Then all these shaken slighted visitants sped
Into the vague, and left me musing there
On fames that well might instance what they had said,
Until the New-Year’s dawn strode up the air.

“AH, ARE YOU DIGGING ON MY GRAVE?”

“Ah, are you digging on my grave
My loved one? – planting rue?”
– “No: yesterday he went to wed
One of the brightest wealth has bred.
‘It cannot hurt her now,’ he said,
‘That I should not be true.’”

“Then who is digging on my grave?
My nearest dearest kin?”
– “Ah, no; they sit and think, ‘What use!
What good will planting flowers produce?
No tendance of her mound can loose
Her spirit from Death’s gin.’”

“But some one digs upon my grave?
My enemy? – prodding sly?”
– “Nay: when she heard you had passed the Gate
That shuts on all flesh soon or late,
She thought you no more worth her hate,
And cares not where you lie.”

“Then, who is digging on my grave?
Say – since I have not guessed!”
– “O it is I, my mistress dear,
Your little dog, who still lives near,
And much I hope my movements here
Have not disturbed your rest?”

“Ah, yes!  You dig upon my grave.
Why flashed it not on me
That one true heart was left behind!
What feeling do we ever find
To equal among human kind
A dog’s fidelity!”

“Mistress, I dug upon your grave
To bury a bone, in case
I should be hungry near this spot
When passing on my daily trot.
I am sorry, but I quite forgot
It was your resting-place.”

SATIRES OF CIRCUMSTANCES IN FIFTEEN GLIMPSES

I

AT TEA

The kettle descants in a cozy drone,
And the young wife looks in her husband’s face,
And then at her guest’s, and shows in her own
Her sense that she fills an envied place;
And the visiting lady is all abloom,
And says there was never so sweet a room.

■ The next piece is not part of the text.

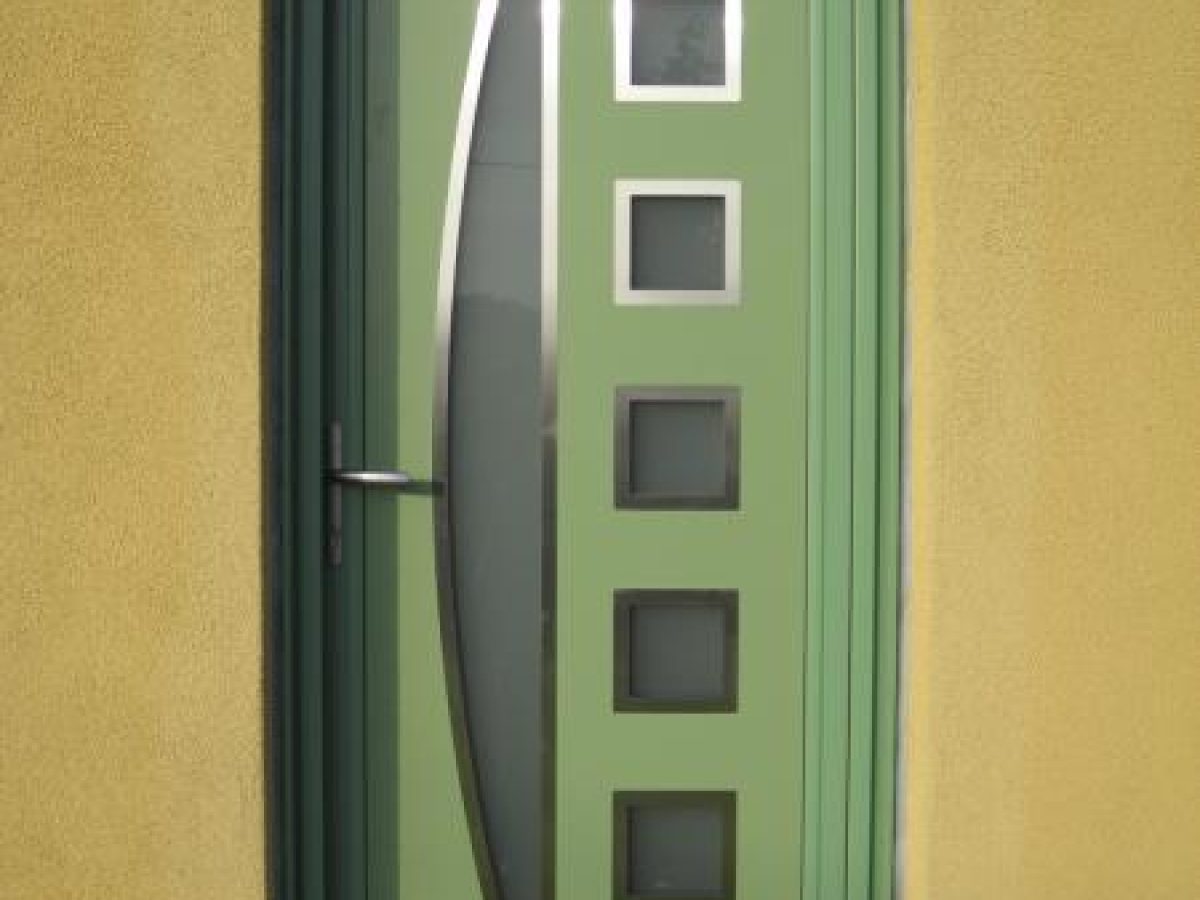 Réalisation d'une porte d'entrée par Arts Menuiserie Agencement, menuisier à Rouen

And the happy young housewife does not know
That the woman beside her was first his choice,
Till the fates ordained it could not be so.
Betraying nothing in look or voice
The guest sits smiling and sips her tea,
And he throws her a stray glance yearningly.

II

IN CHURCH

“And now to God the Father,” he ends,
And his voice thrills up to the topmost tiles:
Each listener chokes as he bows and bends,
And emotion pervades the crowded aisles.
Then the preacher glides to the vestry-door,
And shuts it, and thinks he is seen no more.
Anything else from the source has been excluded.